Is something like that common?
“It’s very common. In fact, sometimes it’s hard for a receiver to hire himself as an attorney,” Tarbox said.
For example, Tarbox might be called as a witness in a court hearing.
“The receiver can hire all sorts of professionals – such as accountants and real estate people, real estate agents, Realtors – whatever tools he needs to do his job,” Tarbox said.
Price, on behalf of Tarbox, filed a motion to take away Allen’s companies.
The motion said, “Preliminary investigation reveals that Allen has placed most of his ill-gotten gains into a network of limited liability companies. … Allen is the sole or controlling member of most of these entities and uses them to conceal and control property obtained through fraudulent means.”
Motion to take control
A portion of the November 17 request to take control of Allen’s companies said:
On August 7, 2025, this Court entered its Order Appointing Receiver (the “Receivership Order”), appointing Max Tarbox as Receiver over all non-exempt property of Joshua Allen for the purpose of locating, securing, managing, and liquidating such property for the benefit of creditors and victims of Allen’s fraudulent schemes.
Since his appointment, the Receiver has undertaken substantial efforts to identify Allen’s property and assets. Preliminary investigation reveals that Allen has placed most of his ill-gotten gains into a network of limited liability companies formed under the laws of Texas and other jurisdictions.
These LLCs appear to hold title to real estate and/or serve as holding companies that own membership interests in other entities which, in turn, own real property or other valuable assets.

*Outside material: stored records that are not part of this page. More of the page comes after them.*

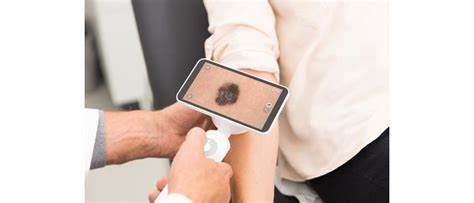 Dermatologie dermoscopie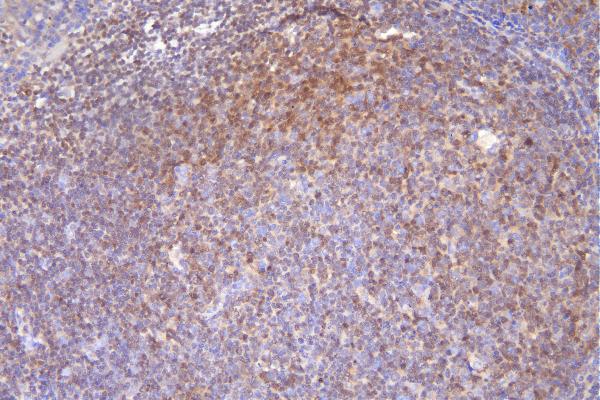 2 - Anti-DCK Antibody Picoband™ (monoclonal, 3G10) ABO14895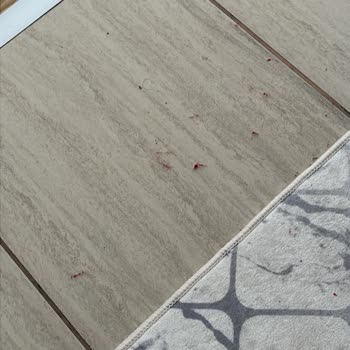 Trendyol’da Satın Alınan Özdilek Bornozlarda Boya Akması Ve Tüy Sorunu, İade Reddi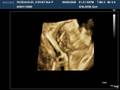 baby ridenhour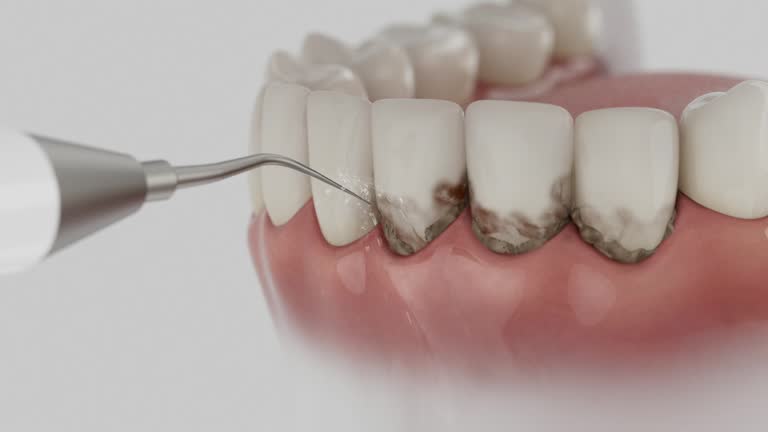 Trusted Tooth Extraction service in Dayton, TX - Dentist Open Now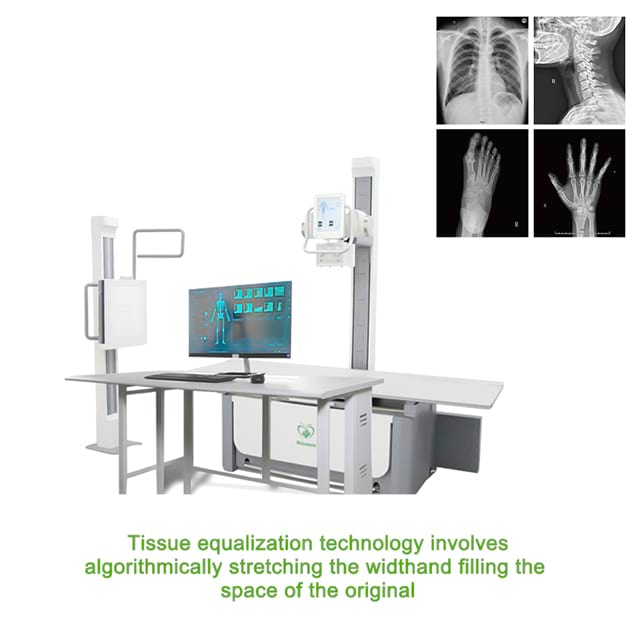 Equipo de rayos X Máquina de rayos X HF de diagnóstico digital médico D023G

Upon information and belief, Allen is the sole or controlling member of most of these entities and uses them to conceal and control property obtained through fraudulent means.
… The Receiver respectfully requests that the Court enter an order:
Authorizing the Receiver to take immediate possession, custody, and control of any and all membership or ownership interests in limited liability companies, corporations, partnerships, or similar entities in which Joshua Allen holds, directly or indirectly, any legal, equitable, or beneficial interest;
Empowering the Receiver to exercise all management, voting, and ownership rights associated with such interests, including the authority to change registered agents, amend organizational documents, access bank and financial records, and act as managing member or officer of the entities as necessary;
Authorizing the Receiver to obtain and review all records, books, ledgers, and accounts of such entities, whether held by accountants, agents, or third parties;
Authorizing the Receiver to take such steps as may be necessary to preserve, manage, or liquidate the assets of those entities, subject to further Court approval prior to sale or distribution of proceeds; and
Granting such other and further relief, both at law and in equity, to which the Receiver may be justly entitled.
Tarbox was uncertain of the timetable on getting a ruling from Grace, but it would be “at the judge’s convenience.”
When asked how much money might be in Allen’s companies, Tarbox answered, “I don’t know yet.”
“I would be taking over his interest in the company, which is a different thing than the company itself,” Tarbox said.
There are circumstances when a receiver might end up with 100 percent of a company and need to manage the company’s affairs.
However, Tarbox does not think he’ll be required to do any company management.
Tarbox added it makes no difference if Allen is convicted and goes to prison. The receivership continues either way.